Rusty Hudson cuts football, leaves ultimate frisbee legacy [Satire]
After nineteen years at Westminster, Athletic Director Rusty Hudson will be stepping down at the end of this school year. Most envisioned a peaceful transfer of power to new athletic director Tim Downes, but Hudson is determined to leave his mark on the school through controversial decisions such as cutting the football team and starting varsity ultimate frisbee and curling teams.
“Westminster will not forget ole Rusty Hudson, that’s for sure,” uttered Hudson with a maniacal laugh. “
In politics, presidents who have been voted out of office are referred to as “lame ducks” in the months between their defeat and their successor’s inauguration. The knowledge of their impending departure leaves the president free to pass controversial legislation unencumbered by voters’ opinions.
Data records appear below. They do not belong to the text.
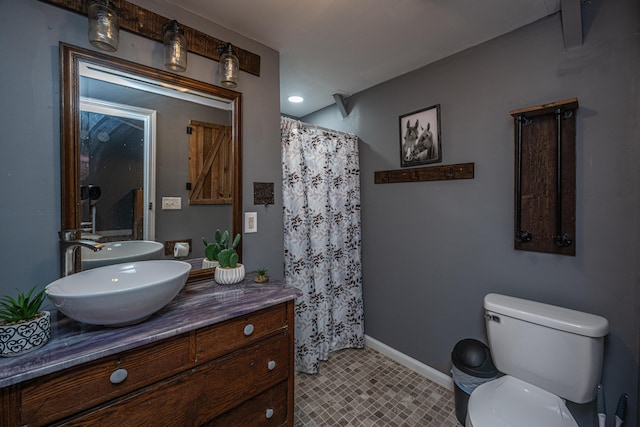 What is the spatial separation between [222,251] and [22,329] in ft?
2.47

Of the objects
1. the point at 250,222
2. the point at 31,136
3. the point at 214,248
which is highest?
the point at 31,136

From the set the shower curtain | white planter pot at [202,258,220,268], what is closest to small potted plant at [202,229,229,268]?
white planter pot at [202,258,220,268]

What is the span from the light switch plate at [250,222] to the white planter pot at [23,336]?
3.25 feet

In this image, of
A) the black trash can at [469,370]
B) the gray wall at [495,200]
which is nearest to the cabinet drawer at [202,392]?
the black trash can at [469,370]

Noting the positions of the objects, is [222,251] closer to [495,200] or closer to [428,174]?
[428,174]

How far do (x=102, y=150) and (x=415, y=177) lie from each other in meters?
1.96

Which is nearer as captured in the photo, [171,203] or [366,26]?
[171,203]

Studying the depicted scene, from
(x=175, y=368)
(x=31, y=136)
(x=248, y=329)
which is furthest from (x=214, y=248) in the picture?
(x=31, y=136)

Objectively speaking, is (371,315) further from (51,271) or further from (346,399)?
(51,271)

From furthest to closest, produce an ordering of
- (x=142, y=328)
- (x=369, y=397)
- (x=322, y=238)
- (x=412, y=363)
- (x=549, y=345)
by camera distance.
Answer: (x=322, y=238) → (x=412, y=363) → (x=369, y=397) → (x=549, y=345) → (x=142, y=328)

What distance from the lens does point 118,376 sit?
0.89m

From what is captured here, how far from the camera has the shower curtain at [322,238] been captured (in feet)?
6.95

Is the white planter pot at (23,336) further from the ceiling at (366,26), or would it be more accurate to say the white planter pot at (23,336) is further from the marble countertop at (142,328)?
the ceiling at (366,26)

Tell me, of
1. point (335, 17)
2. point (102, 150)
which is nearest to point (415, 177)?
point (335, 17) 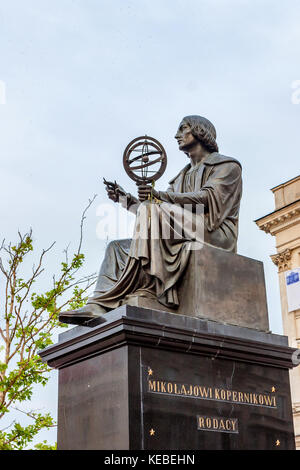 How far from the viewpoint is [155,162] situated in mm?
8148

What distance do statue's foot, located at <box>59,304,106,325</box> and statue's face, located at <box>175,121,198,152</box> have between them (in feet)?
7.85

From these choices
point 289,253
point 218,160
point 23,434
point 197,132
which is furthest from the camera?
point 289,253

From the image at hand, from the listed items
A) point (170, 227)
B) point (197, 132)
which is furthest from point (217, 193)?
point (197, 132)

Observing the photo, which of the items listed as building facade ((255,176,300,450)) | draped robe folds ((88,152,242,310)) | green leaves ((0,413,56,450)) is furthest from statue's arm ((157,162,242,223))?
building facade ((255,176,300,450))

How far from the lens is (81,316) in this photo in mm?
7352

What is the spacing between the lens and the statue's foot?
7.29 meters

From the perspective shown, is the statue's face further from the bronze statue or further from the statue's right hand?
the statue's right hand

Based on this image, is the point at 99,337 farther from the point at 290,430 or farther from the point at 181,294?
the point at 290,430

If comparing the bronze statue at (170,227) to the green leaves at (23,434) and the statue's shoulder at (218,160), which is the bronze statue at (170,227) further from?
the green leaves at (23,434)

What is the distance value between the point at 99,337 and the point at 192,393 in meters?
0.99

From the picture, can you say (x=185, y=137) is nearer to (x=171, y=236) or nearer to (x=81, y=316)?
(x=171, y=236)

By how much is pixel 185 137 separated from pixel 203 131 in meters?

“I honestly couldn’t care less what you guys think of me,” explained Hudson, “so I’m going to do whatever the heck I feel like.”
In his first controversial move, Hudson completely cut all funding for the football team, effective immediately.
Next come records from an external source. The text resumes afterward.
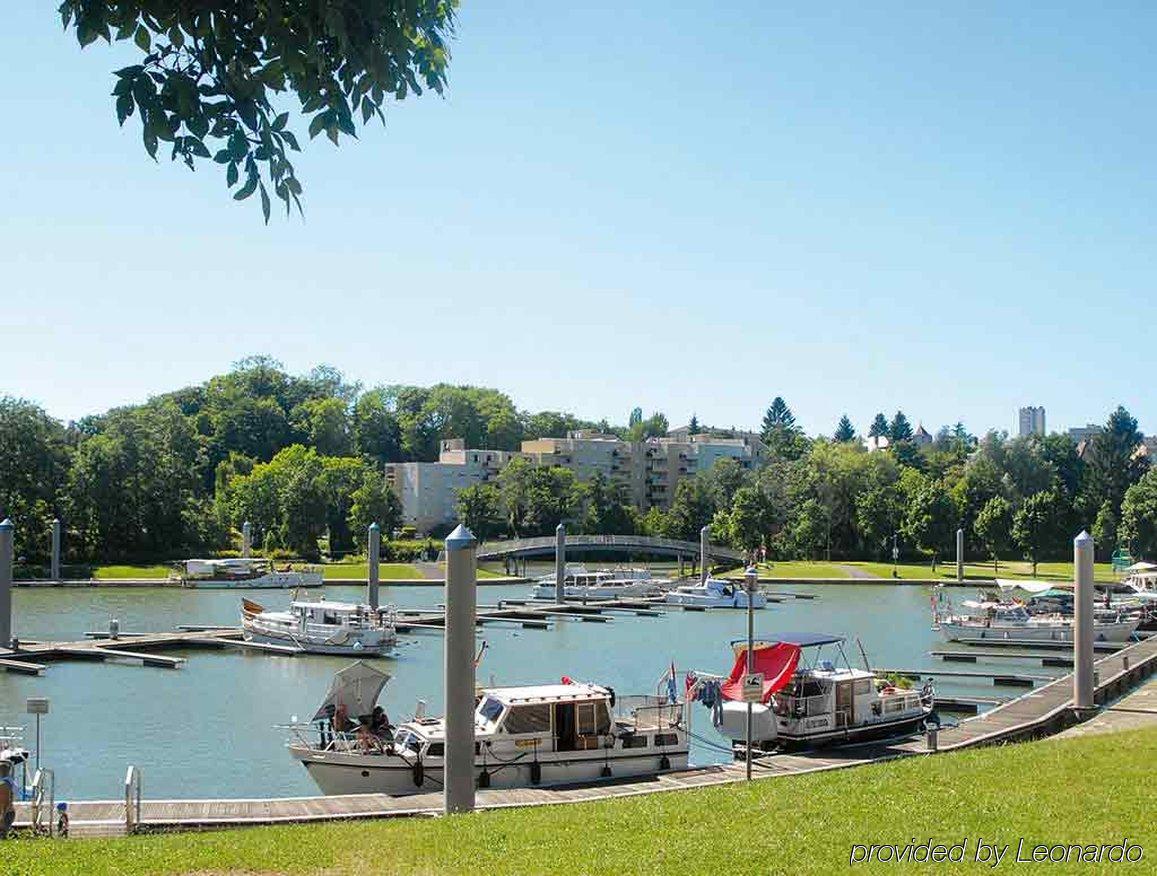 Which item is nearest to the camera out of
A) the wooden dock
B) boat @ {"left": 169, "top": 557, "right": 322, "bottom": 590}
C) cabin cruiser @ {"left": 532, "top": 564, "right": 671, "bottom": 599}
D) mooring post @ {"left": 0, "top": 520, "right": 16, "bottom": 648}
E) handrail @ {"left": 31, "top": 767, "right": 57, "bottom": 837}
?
handrail @ {"left": 31, "top": 767, "right": 57, "bottom": 837}

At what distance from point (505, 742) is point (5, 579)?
98.7 ft

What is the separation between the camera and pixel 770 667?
2977 cm

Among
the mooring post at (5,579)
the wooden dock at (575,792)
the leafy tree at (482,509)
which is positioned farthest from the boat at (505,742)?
the leafy tree at (482,509)

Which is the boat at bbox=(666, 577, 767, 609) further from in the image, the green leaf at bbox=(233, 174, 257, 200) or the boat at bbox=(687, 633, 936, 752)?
the green leaf at bbox=(233, 174, 257, 200)

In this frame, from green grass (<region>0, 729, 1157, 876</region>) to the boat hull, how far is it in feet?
25.2

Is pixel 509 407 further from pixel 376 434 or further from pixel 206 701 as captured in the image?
pixel 206 701

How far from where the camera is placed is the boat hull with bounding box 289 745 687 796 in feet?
82.4

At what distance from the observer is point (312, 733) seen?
35.5 m

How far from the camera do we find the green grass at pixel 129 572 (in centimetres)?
9669

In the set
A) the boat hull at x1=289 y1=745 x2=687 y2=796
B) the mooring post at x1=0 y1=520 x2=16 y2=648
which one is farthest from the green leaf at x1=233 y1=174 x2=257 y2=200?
the mooring post at x1=0 y1=520 x2=16 y2=648

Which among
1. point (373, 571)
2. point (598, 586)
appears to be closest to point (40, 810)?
point (373, 571)

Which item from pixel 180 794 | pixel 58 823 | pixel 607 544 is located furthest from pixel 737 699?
pixel 607 544

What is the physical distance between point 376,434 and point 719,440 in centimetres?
4962

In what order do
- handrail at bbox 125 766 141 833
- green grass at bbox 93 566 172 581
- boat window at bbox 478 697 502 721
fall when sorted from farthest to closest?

“I’ve always thought that football’s violence represents the worst of our male-dominated culture, but I was too scared to speak up before,” Hudson waxed poetic. “It promotes the pernicious gender norm that men have to be aggressive and violent to succeed, and leads to lasting brain damage. From a health standpoint, Westminster is being negligent in celebrating a sport that irreparably damages developing brains.”
“Football is the heartbeat of Westminster,” said head coach Gerry Romberg. “I can’t help but feel betrayed that after all we’ve been through together- all of the episodes of “The Bachelorette” we watched, all of the cupcakes we’ve made together- Rusty thought nothing of destroying my life.”
In place of football, Hudson immediately established two new decidedly less bloodthirsty sports: ultimate frisbee and curling, both of which will practice on what was formerly known as the football field.
“I’m actually relieved Mr. Hudson cut the football team,” said junior Cage Reeder. “I’ve always wanted to manage girls curling, and now that we have the team and I have the time, I can!”
Although the ultimate frisbee and curling teams soon became among the largest sports at school, not everyone is pleased with this drastic change in the status quo.
“Curling and ultimate frisbee are socialist pastimes, and I will not stand for it!” demanded cross-country and track coach Joe Tribble. “It nauseates me that my runners will have to train near where such un-American sports are being practiced.”